# Is it difficult to assemble a bike? There's a bike for sale, still in a box!



## littlebadboy (Mar 27, 2012)

Hi! Everyone! I saw a post in C-List, a Fuji Nevada 4.0 for only $225. It's near me, so I was thinking if it is difficult for a noob like me to assemble a bike?

Fuji Nevada 4.0 mountain race bike brand new in unopened box


----------



## thomllama (Oct 3, 2007)

if you have the right tools and knowledge it isn't... 

if you don't have the tools it'll probably cost you as much as just going to the shop and buying the bike, you do end up with tools for service down the road though. Not sure what is assembled and what isn't on those soooo....?


----------



## blumena84 (Jun 5, 2006)

what he said, but if have no prior experience i would leave it up the professionals.


----------



## mcscars (Sep 3, 2011)

I put together a boxed bike with just a few allen wrenches and socket or crescent wrenches. The one time I had to put together a boxed bike, I had to put on the stem, bars, front wheel, and pedals. However, that was a track bike (no brakes and gears). Yours will have a shifters and whatnot but I would think the shifters and levers with cables would already be on the bars and attached to the brakes and derailleurs. After that, if you know how to adjust everything like your brakes and shifters, you should be good to go.


----------



## TurboCrash (Jun 8, 2012)

I've seen some bike shops that let people use their workshop. The one down the road from where I used to live usually had 5-7 people in it at all times, but none of the stores around where I live now have big enough work areas to allow this. On the other hand there is a place in my city which is just one giant bike workshop that people can get a membership for, so maybe you have one of those in your area. Have a look around, you might get lucky.


----------



## EABiker (Jun 24, 2004)

You will most likely only need to install the pedals, wheels and handlebars; the controlls should already be mounted to the bars. You will probably need to adjust the gears though.


----------



## littlebadboy (Mar 27, 2012)

I realized that I'm not sure if I could do the shifter and gears parts...


----------



## somanygoodbikes (Sep 9, 2011)

If you are comfortable with basic tools and handiness it is not hard. Just go on Youtube and watch a few videos for each component you have to work on. Read the directions that come with the parts. It is very easy to benefit from other peoples experience these days. Then the big upside is that you have the experience and can save yourself a lot of time and money in the future. You may need to buy a few tools but they pay for themselves the first time you use them.


----------



## thomllama (Oct 3, 2007)

somanygoodbikes said:


> If you are comfortable with basic tools and handiness it is not hard. Just go on Youtube and watch a few videos for each component you have to work on. Read the directions that come with the parts. It is very easy to benefit from other peoples experience these days. Then the big upside is that you have the experience and can save yourself a lot of time and money in the future. You may need to buy a few tools but they pay for themselves the first time you use them.

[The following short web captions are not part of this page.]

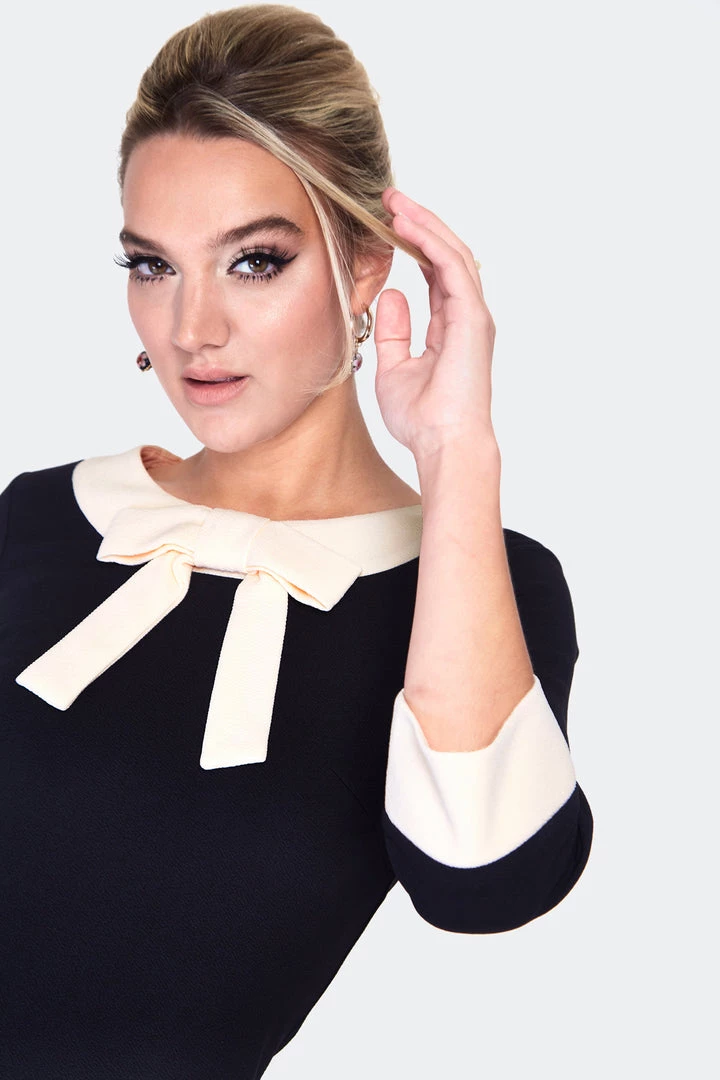 VOODOO VIXEN HELEN 60'S KNIT DRESS WITH POCKETS BLACK Apparel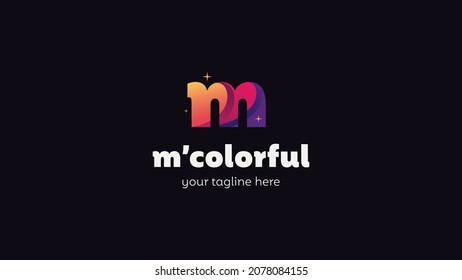 Minimalist letter m colorful and playful logo design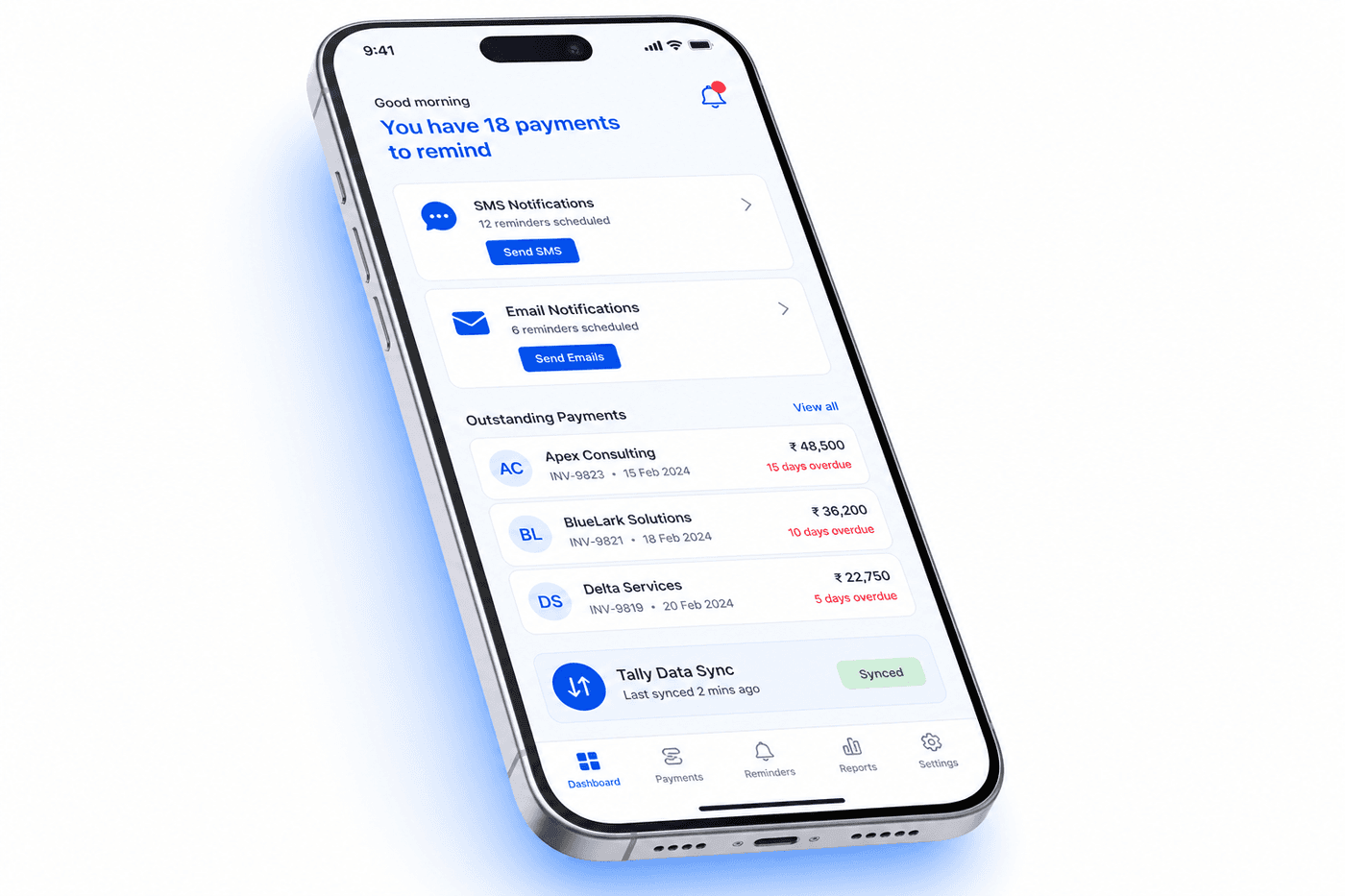Send payment reminders via SMS and email from MobileTally mobile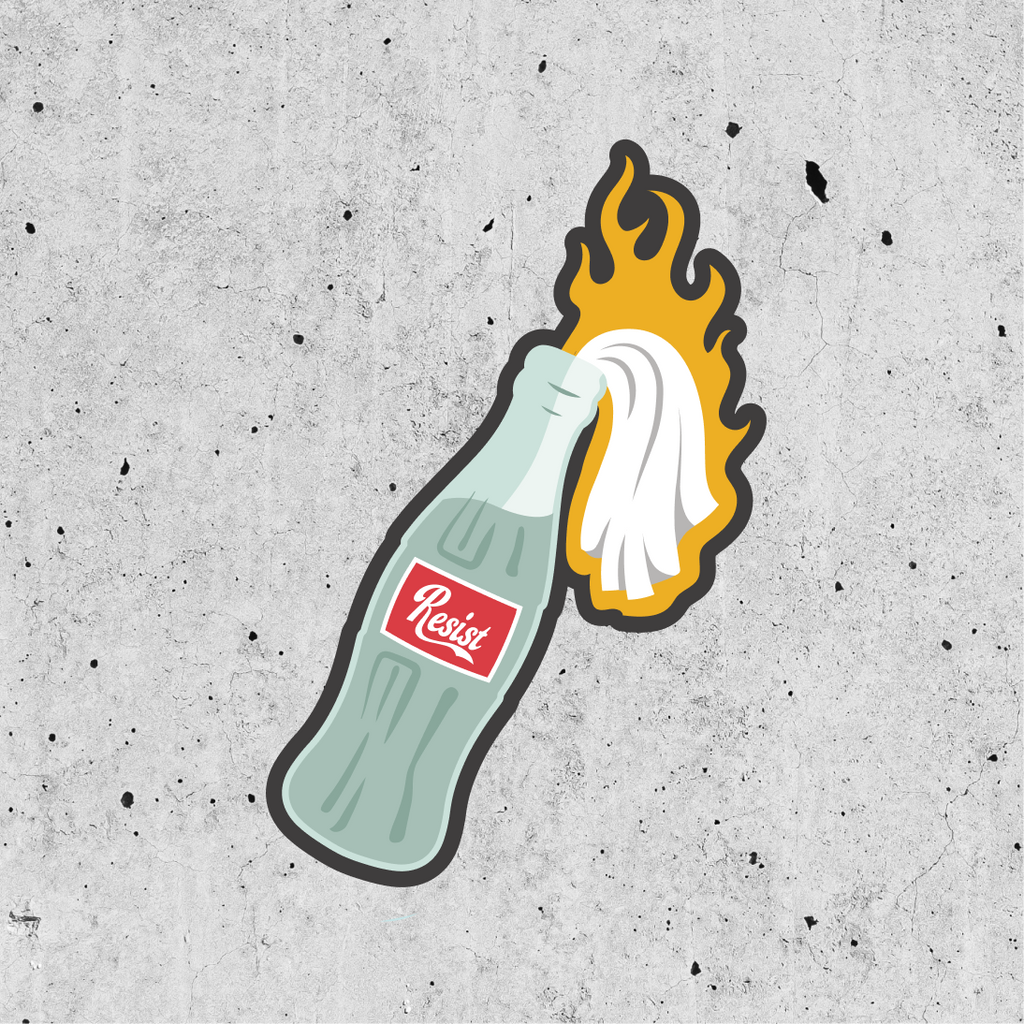 Resist Molotov Sticker (Clear)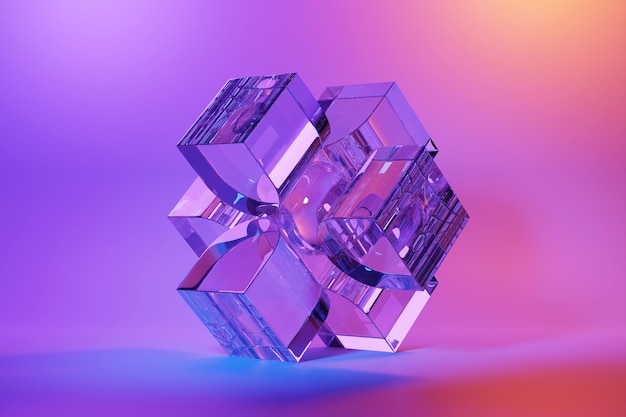 Illustration 3D d'un nœud coloré sous des néons roses Forme fantastique Formes géométriques simples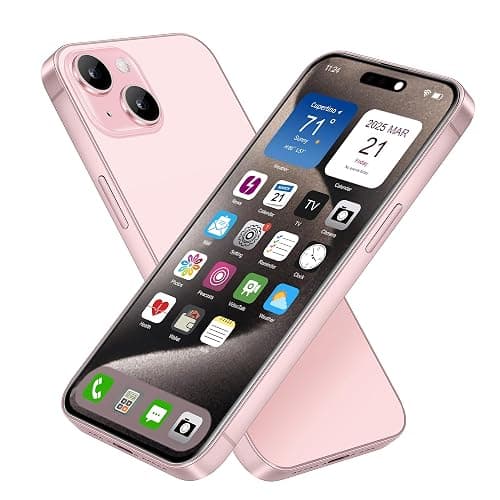 Dummy Fake Phone Model, Looks Like The Real Phone Dummy Compatible with Phone 15, Prank Stuff Decoy Pear Non-Working Toy Phone 15 for Kids Pink (Rainbow Front) - Image 1
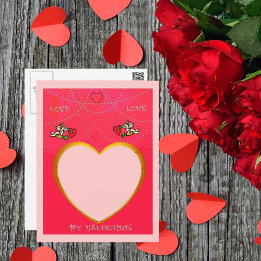 Postal Marco cupido y cardíaco añade tu foto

good point.. it's not bad... I would buy a good book and as long as you take your time and think things through, probably wont hit but a few minor issues...


----------



## vk45de (Feb 1, 2009)

I guess the best way to say it is that building a bike isn't rocket science, nothing you can't figure out. It might not be easy if you haven't done it before but it's definitely possible.


----------



## JR 137 (Apr 28, 2012)

There's a bike pro on YouTube that has great videos on adjustments. Look up velotique. He talks slowly (in a good way), and the vids are professionally produced.


----------



## mitzikatzi (Sep 9, 2008)

instructional bike videos

this might help


----------



## AndrwSwitch (Nov 8, 2007)

If you haven't built it yet, here's another link.
Park Tool Co. » ParkTool Blog » New Bike Assembly


----------



## Berkley (May 21, 2007)

Tools you DEFINITELY need: 4/5/6/8mm allen wrenches, a phillips head screwdriver, grease. 

Tools you probably want: Cone wrenches, spoke wrenches.

Assuming everything is there and undamaged, you probably have and can probably get away with the first set of tools. If you want to be thorough, the second set will be needed.


----------



## mack_turtle (Jan 6, 2009)

before you buy that, i would consider the components. do you know what year the model is? is it a good size for you? you can't test ride it, so you better hope it's the right size.

Fuji has made this bike for several years and every year, it's a pretty lousy bike for trail use. super low-end Shimano shifting components, v-brakes, cheesy pojo stick fork. I think you could do a lot better buying a slightly older used bike. I think you can definitely set it up yourself if you have a set of metric allen wrenches and a screwdriver and take advantages of the TONS of free tutorials online (Check the Park Tool "repair help" section). but even if it's ste up right and maintained, the parts are not very precise or durable. it might not be worth your time and money.


----------



## Shibby (Jan 13, 2004)

Go for it! As others have said, watch some youtube videos, then go for it. the hardest part will probably be dialing in the drivetrain. All of the major bits should already be assembled.

Worst case scenario is that you decide that it's too advanced for you and you take the bike to the shop anyway.

I'll echo mack_turtle as well. This isn't an off-road bike - ensure it's at least the correct size and use it for rail trail or paved paths.


----------



## littlebadboy (Mar 27, 2012)

Thank you for all your advice! I decided to just make a pass on this one. I thought of skipping the trouble and rather get one already built up at the LBS and take advantage of the benefits and support from the LBS.


----------



## n8swag (Jun 19, 2012)

Not rele if you have the right tools


----------